Тут надо было не переиграть. Безусловно, Мансуров, если будет заинтересован, получит обо мне всю исчерпывающую информацию у руководства моей части, с которой, очевидно, был на короткой ноге. После инсценированного вывода Саламовой из игры, те вроде должны были увериться, что ошиблись в подозрениях и при этом вряд ли посвятят Мансурова в детали убийства Мамедова. Зачем?.. Проще было, если я для всех остался убийцей.
– Тебе будет сложно, – внимательно продолжал выбуривать меня Мансуров, – вряд ли отстанут, дело-то мокрое. Если передадут ментам, то вообще не откупишься. У тебя столько нет…
– Мне бы только выйти отсюда.
– А-а, понял, – добродушно рассмеялся он. – После ноги в руки и не поминайте лихом.
Я не ответил…
Дачу у отца купил некий родственник Сабира Ахмедовича на оперативные деньги, выделенные для этой цели. Отец очень удивился, что так быстро нашелся клиент, которого вывели местным маклерам сотрудники полковника Мусаева.
– После завершения операции дачу возвратят. Знаю, как ты привязан к ней, – пообещал он.
– Да, я там вырос. Помню, раньше воду к нам водовозами возили, пресной-то не было в недрах. Отец каждое деревце собственноручно поливал…
– Жаль, мы его разочаровали, – вздохнул полковник. – Он у тебя мужик правильный, я наблюдал за ним. Видел, как ему трудно было “выкупить” тебя, даже не стал торговаться с Адыловым… Кстати, деньги твои, они пригодятся в Москве. А дачу вернут, как и договорились. Надеюсь, ты оправдаешь наши вложения, а главное, надежды…
И я вздохнул, но совсем по другой причине. Кто знает, чем все закончится? И закончится ли вообще…
Весть о моем скором освобождении удивила Мансурова.
– Надо же! – промяукал он своим певучим голосом. – Тебя даже раньше нас отпускают! Чем ты угодил властям?
– Баблом! – отрезал я. – Отец дачу продал. Единственное, что у было у нас ценное… Я это им никогда не прощу!
– Сатана правит людьми, – искренне разгневался брат Исламист. – Люди последний кусок готовы вытащить из пасти друг друга. Как же этот харам не застревает у них в глотках?
– А ты это у своего Аллаха спроси, – ответил Мансуров. – Заварил парашу на нашу голову, а мы расхлебываем. У Сатаны на земле больше блата, чем у него.
– Замолчи, сын шайтана! – разорался на него Исламист, брызжа слюной. – Убью тебя! – в следующий миг я еле успел предупредить его движение в сторону оппонента. Видно, воспитательный лимит у него закончился. Мансуров же даже бровью не повел, но, кажется, слегка удивился.
– Остынь! Что ты запарился? Аллах…
– Не произноси своим грязным языком его имя! – продолжал орать в бешенстве Исламист. – Аллах велик! И придет священный день для правоверных, когда будет повержена и ваша продажная власть, и такие мунафики[42 - “мунафик” – от арабского “нафика” – лицемерный мусульманин.] как ты!
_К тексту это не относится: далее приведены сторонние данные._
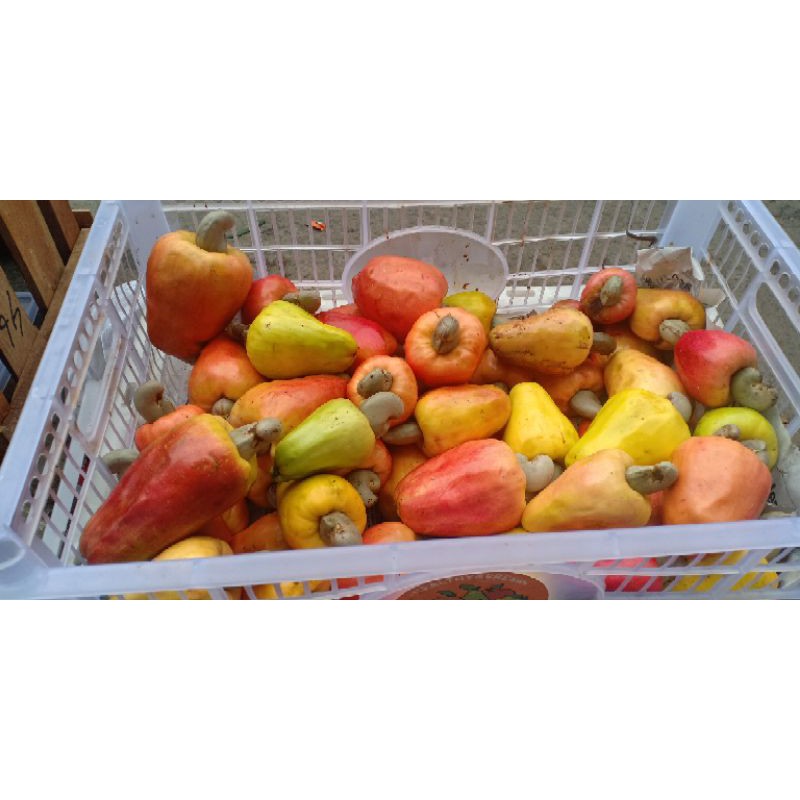 

jambu mede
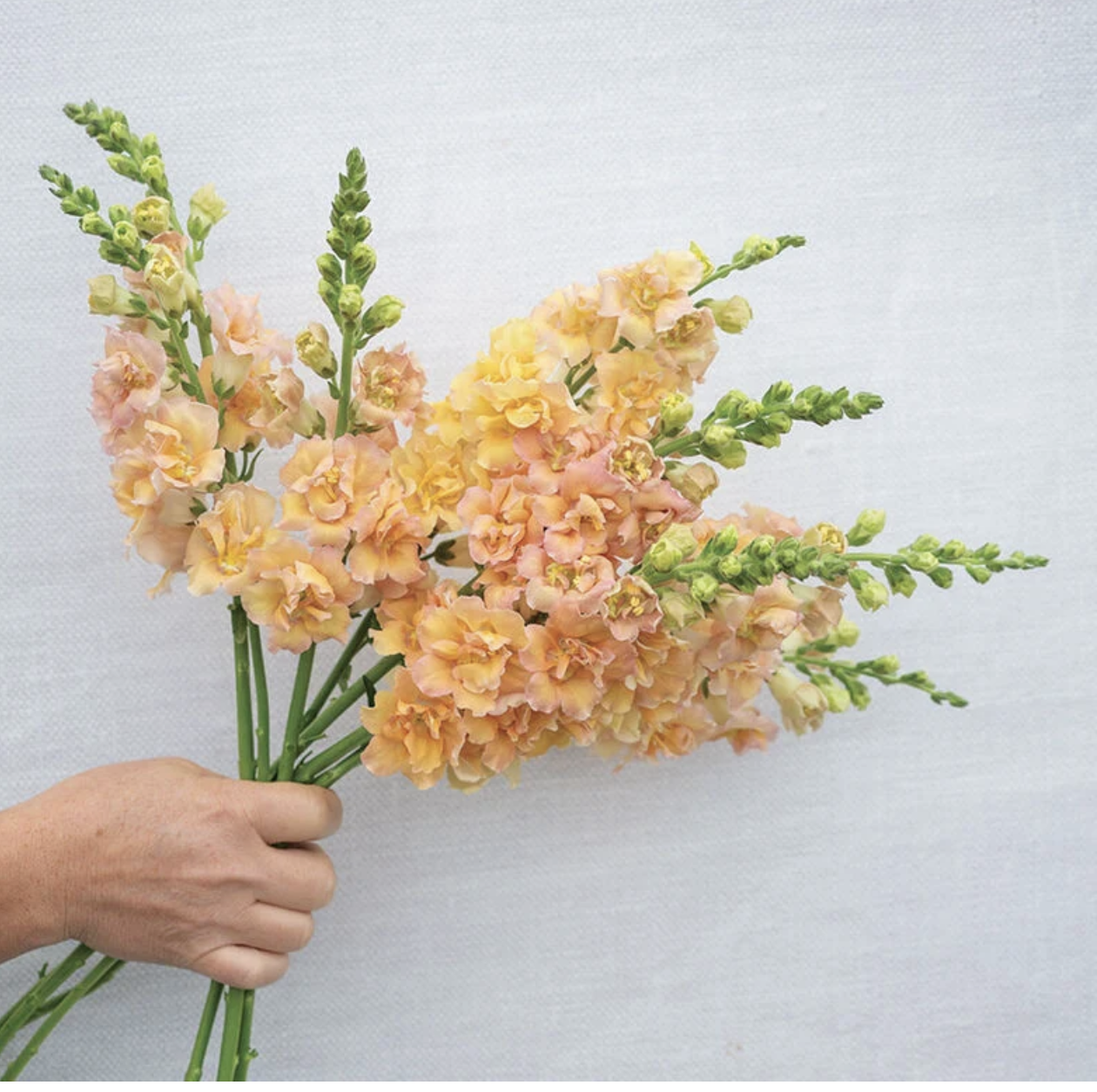 Individual Variety Bunches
В аду будете гореть!..
Дверь камеры с лязгом открылась. В проем просунулись встревоженные морды вертухаев, с направленными на нас стволами.
– Лежать! – завизжал петушиным голосом более молодой. – Руки за голову!
– Щас! – раздразнил его после некоторого молчания, Мансуров. – Ты что, кино насмотрелся, сынок? Мы просто репетируем сцену. Хочешь, присоединяйся.
Молодой попытался еще что-то провизжать для пущего устрашения, но тут рот ему заткнул другой караульный, который у нас почтальоном работал.
– Да ну их! Пошли, ужин остывает, – потащил он напарника к выходу. – А вы, тихо здесь. В следующий раз пустим очередь по камере!
Дверь опять с грохотом закрылась. Наступившую тишину нарушил Мансуров, который немного озадаченно обратился к Магомедказиеву:
– Прости, брат. Действительно, шайтан меня дернул за язык. Я уважаю идеалистов вроде тебя. По крайней мере, они не воткнут тебе кинжал в спину…
– Пусть Аллах простит… – пробормотал смутившийся, но не отошедший еще от гнева Исламист. – И пусть он твою душу наградит хоть капелькой веры!